Why such tendency? Perhaps it has something to do with the shortest message possible. It's simple to encode distributions close to the uniform. Why? Well, the uniform distribution is at the extreme end of this: instead of encoding $(\frac{1}{6}, \frac{1}{6}, \frac{1}{6}, \frac{1}{6}, \frac{1}{6}, \frac{1}{6})$ one gets away with encoding roughly $[6, \frac{1}{6}]$. I.e. $\frac{1}{6}$ $6$-times.

So what MaxEnt does is akin to Occam's razor/minimum message length and the like: through the space of all possible explanations (posteriors) it finds the simplest one which explains the data. And then it tells you that the simplest one is most likely: so if I were to encode each posterior as a binary string, the entropy of each string could itself be renormalised as some probability measure. The shortest string is then just the mode of such entropy-probability-measure on all strings.

My intuition called for $4$ to have more mass but perhaps it was just a fallacy of my own intuition: given the above reasoning I find it plausible that guessing $6$ is the right thing to do if I am rewarded only when I guess a toss correctly.

On the other hand, it seems that conditioning on the most probable hypothesis is short-sighted: it ignores all other gains to be made from other hypotheses which are not likely, but plausible. Therefore a very important question arises: when conditioning on the mode of the entropy-probability-measure is equivalent to taking the expectation with respect to entropy-probability-measure?
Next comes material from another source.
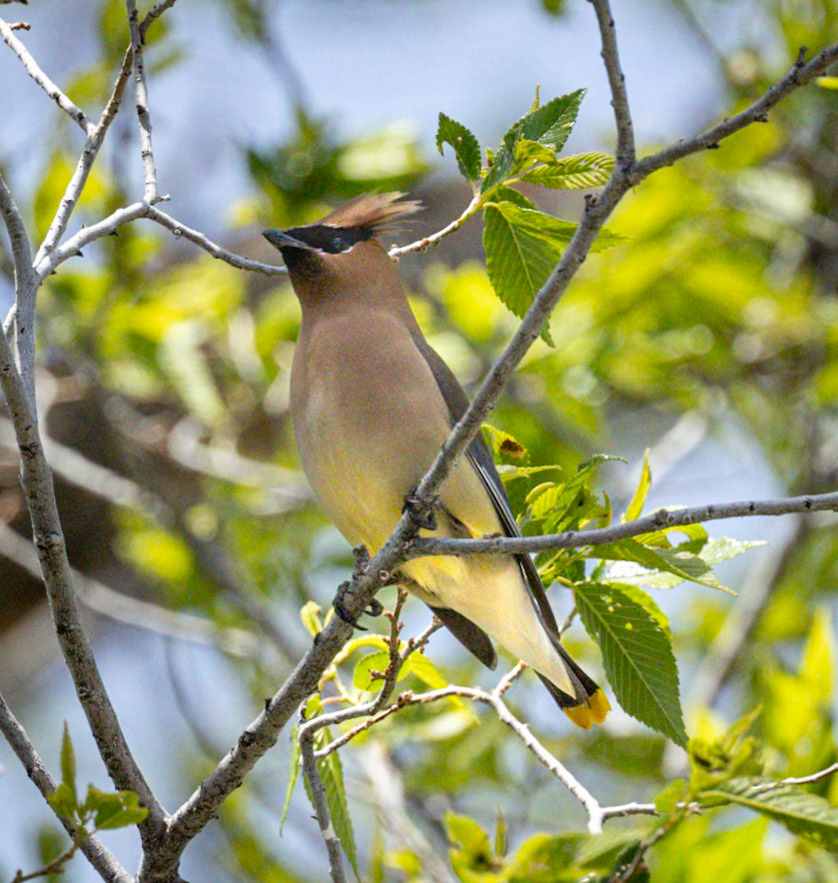 Cedar Waxwing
I suspect that MaxEnt distribution is simply the expectation of this entropy-probability-measure, so always.

As for the loss functions which would force me to guess $4$, it is a well-known result that if my loss-function is a mean-squared error, I should guess the expectation of the posterior, which is, of course, $4$.

I am yet to connect this with MLE's... So to be continued/edited.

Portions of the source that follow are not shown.